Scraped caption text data
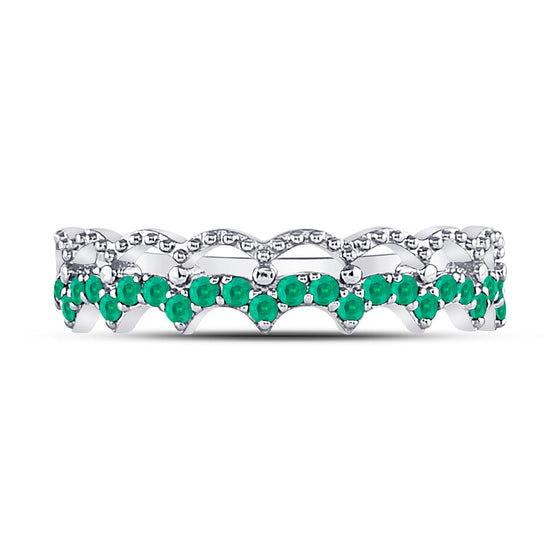 10k White Gold Womens Round Emerald Scalloped Stackable Band Ring 1/4 Cttw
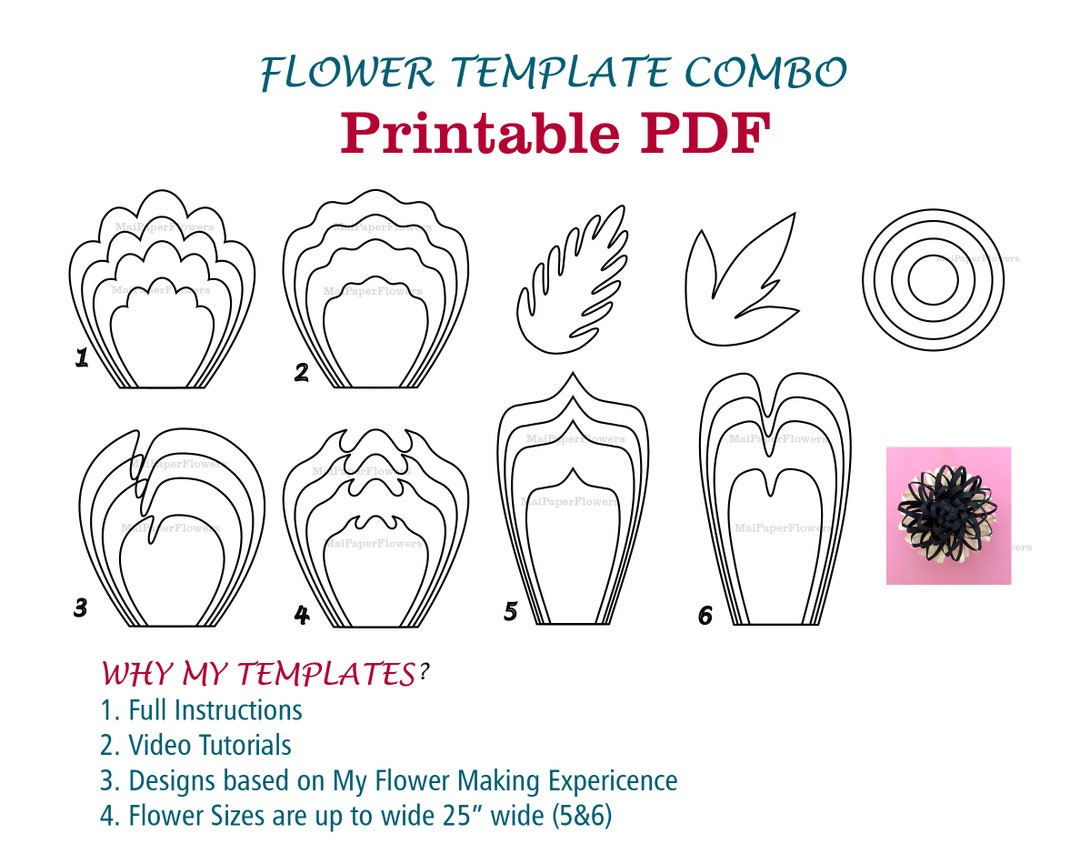Digital Paper Flower Template Pdf Paper Flower Bundles Giant Paper for Printable Paper Flower Template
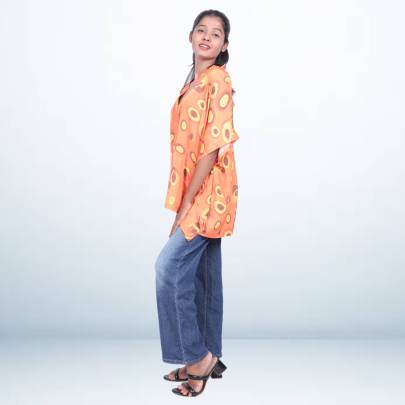 Orange Abstract Print Short Kaftan Tunic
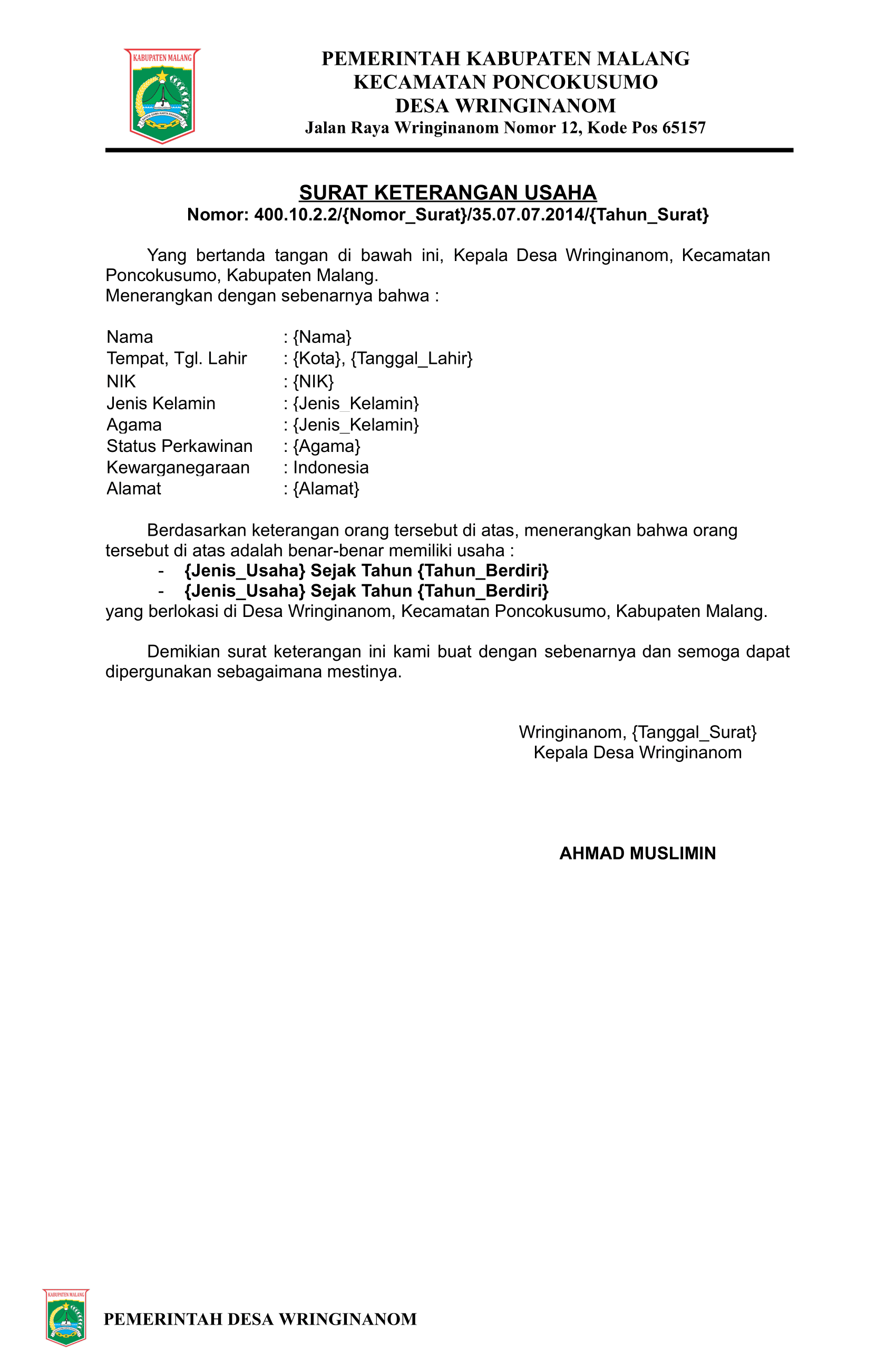 Preview untuk Surat Keterangan Usaha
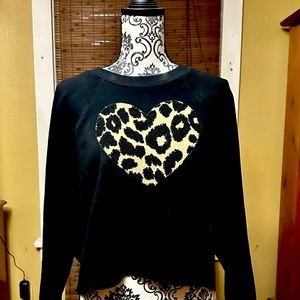 Sundry women’s black sweatshirt with animal heart print.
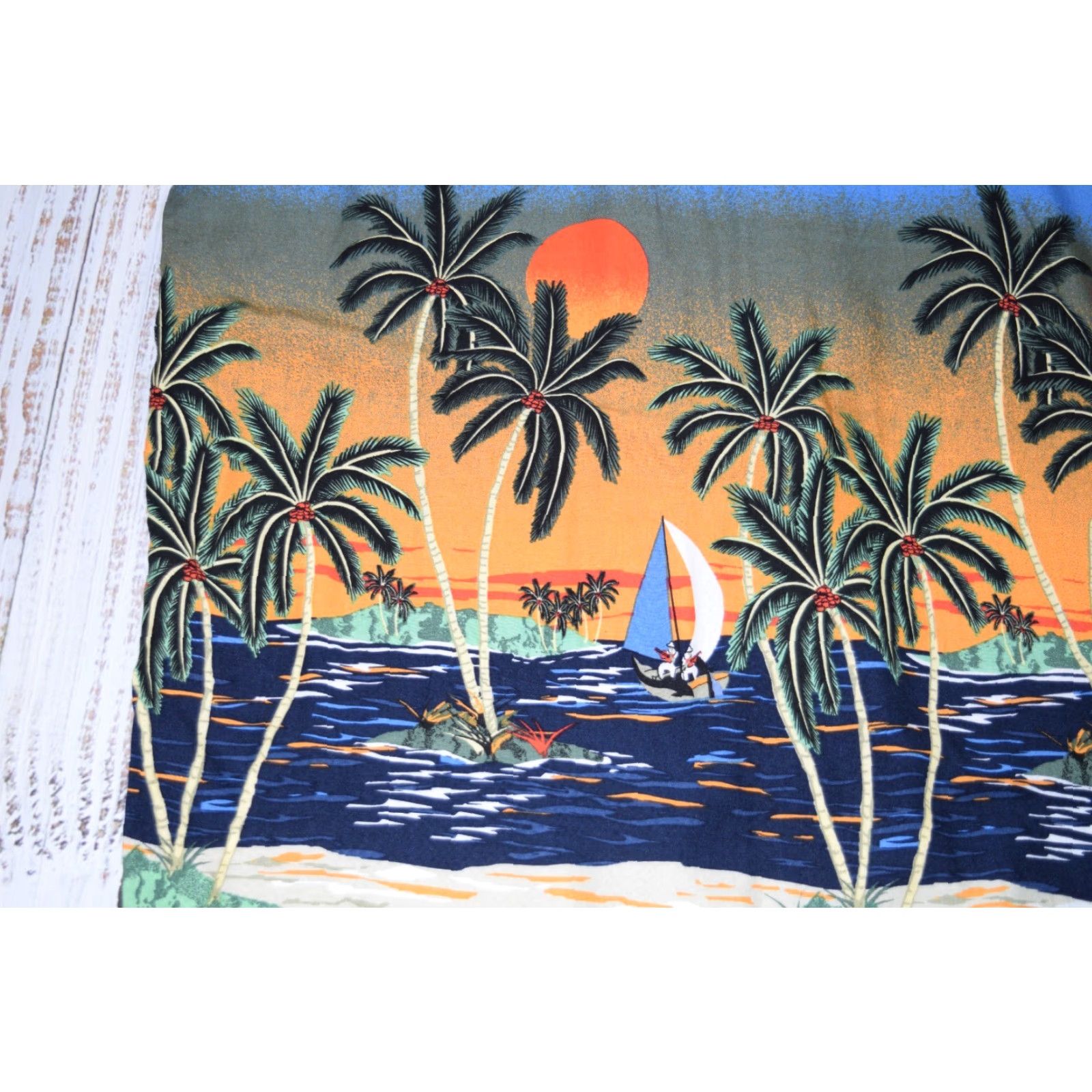 Cherokee VTG Cherokee Waikiki Wear Hawaiian Shirt Mens Large Sun Set Surf 100% Rayon Blue Floral Short Sleeve Button-Up Collared 90s Theme Size US L / EU 52-54 / 3 - 8 Thumbnail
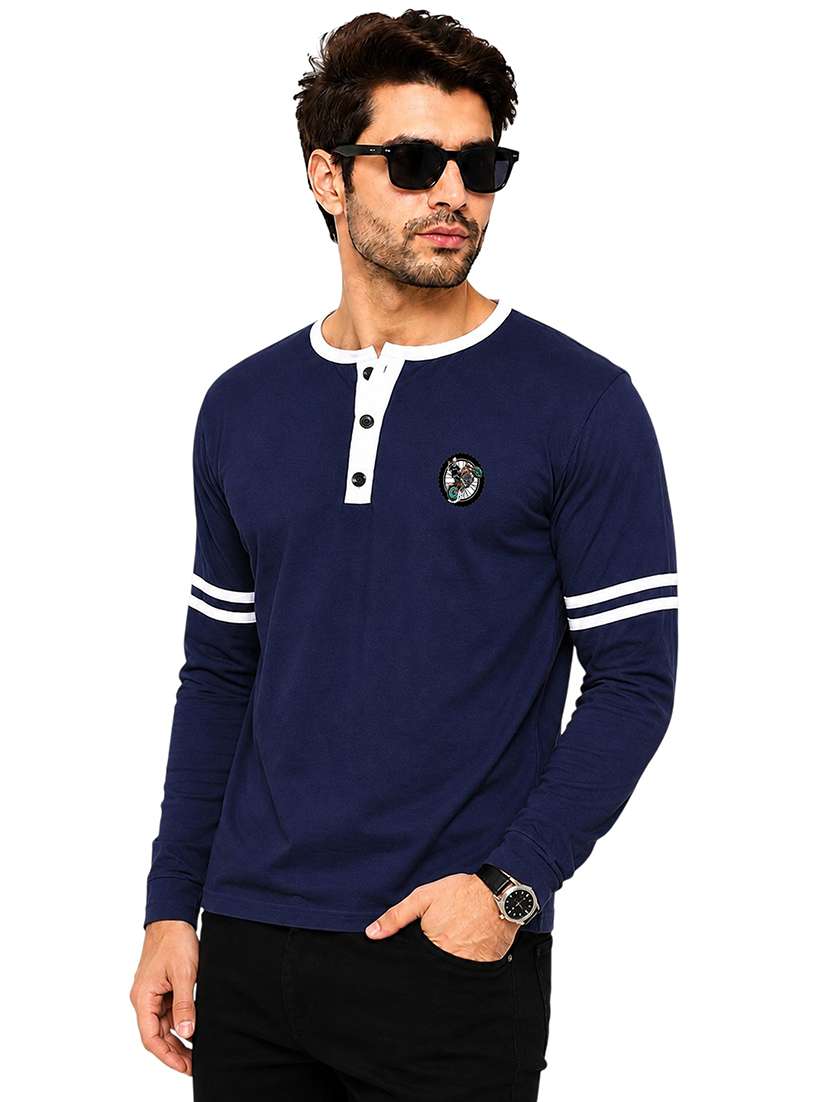 men striped long sleeve regular fit t-shirt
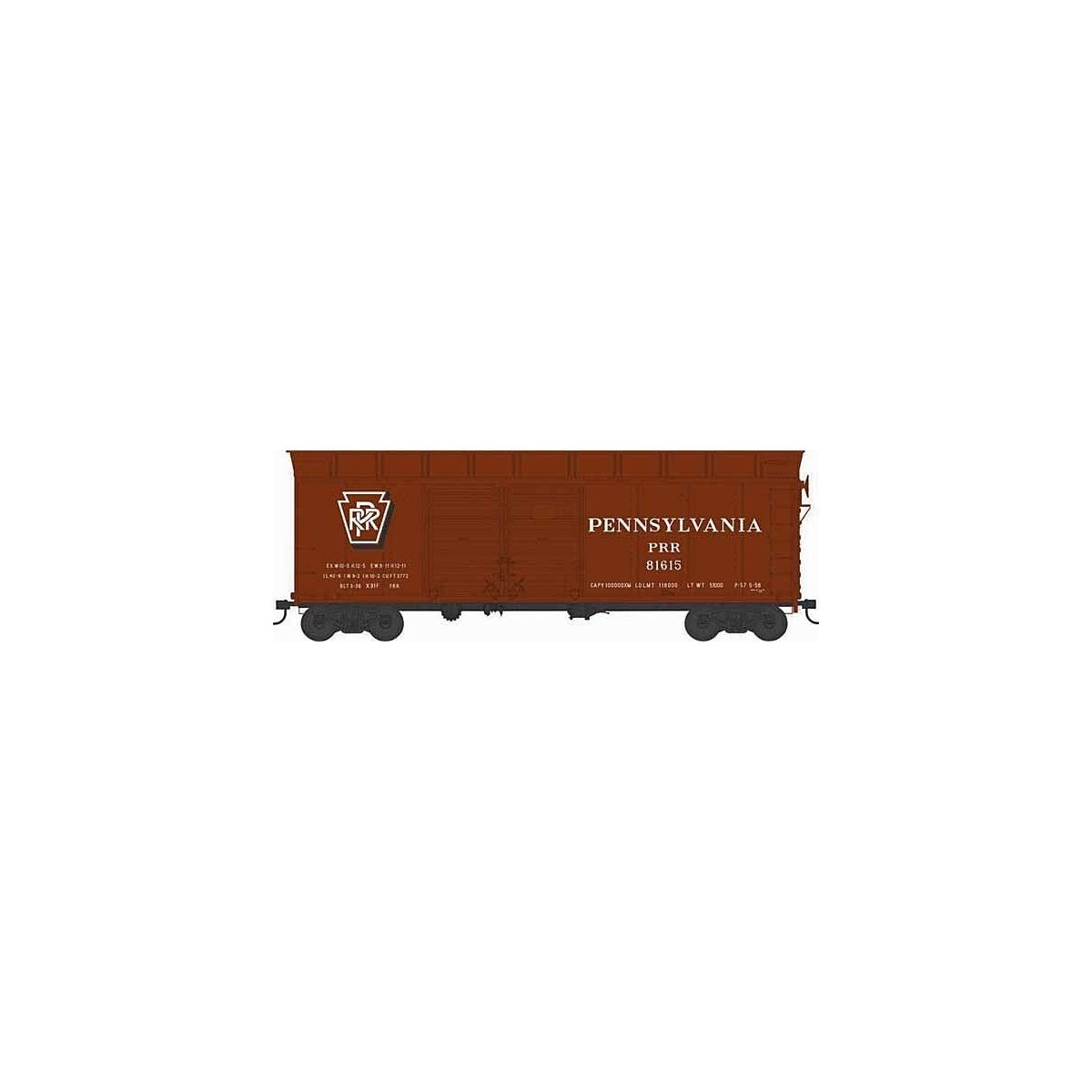 X31F Double-Door Turtle-Roof Boxcar - Ready to Run -- Pennsylvania Railroad 81623 (Blt. 3-36 Repack 5-58, Tuscan, Shadow Keyston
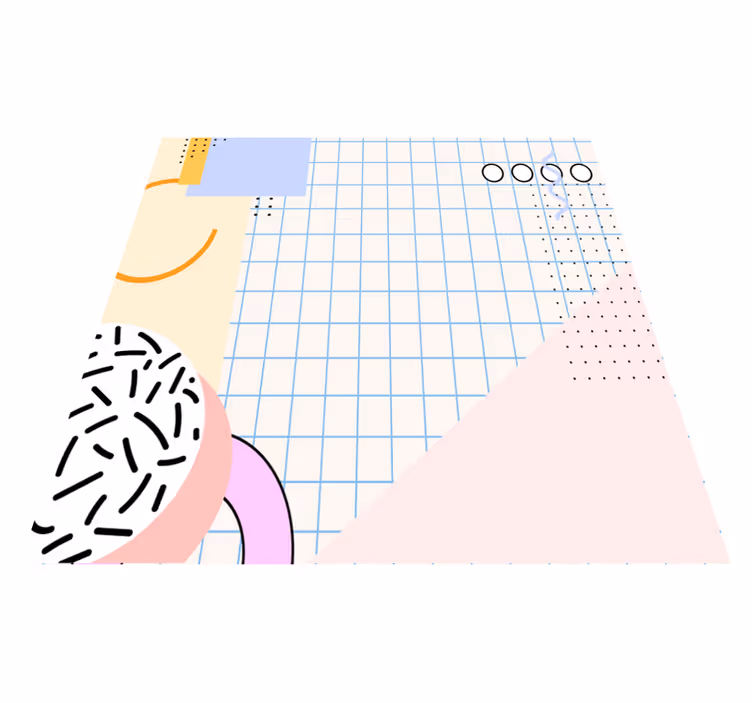 Tapis vinyles géométriques carrés abstraits années 80 - TenStickers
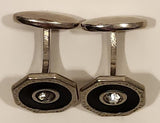 Antique Edwardian Black Enamel Rhinestone Octagonal Shaped Silver Tone Cufflinks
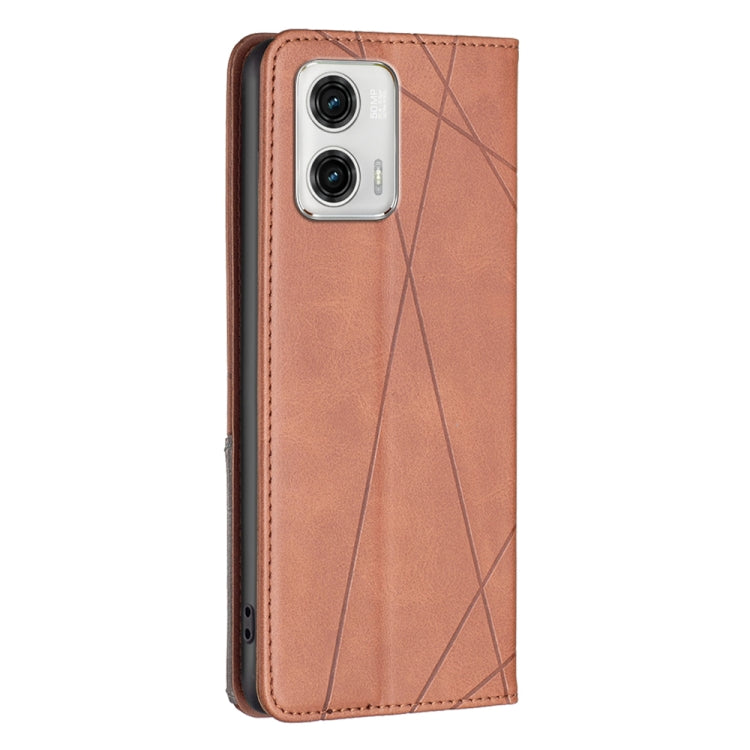 For Motorola Moto G73 5G Prismatic Invisible Magnetic Leather Phone Case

DIRECTIONS FOR THIS TASK
Every line from the top of the entries through the line that holds "Cherokee VTG Cherokee" is to be quoted exactly, please, and nothing else; omit the pictures.

ANSWER SPACE
 10k White Gold Womens Round Emerald Scalloped Stackable Band Ring 1/4 Cttw
Digital Paper Flower Template Pdf Paper Flower Bundles Giant Paper for Printable Paper Flower Template
 Orange Abstract Print Short Kaftan Tunic
 Preview untuk Surat Keterangan Usaha
 Sundry women’s black sweatshirt with animal heart print.
 Cherokee VTG Cherokee Waikiki Wear Hawaiian Shirt Mens Large Sun Set Surf 100% Rayon Blue Floral Short Sleeve Button-Up Collared 90s Theme Size US L / EU 52-54 / 3 - 8 Thumbnail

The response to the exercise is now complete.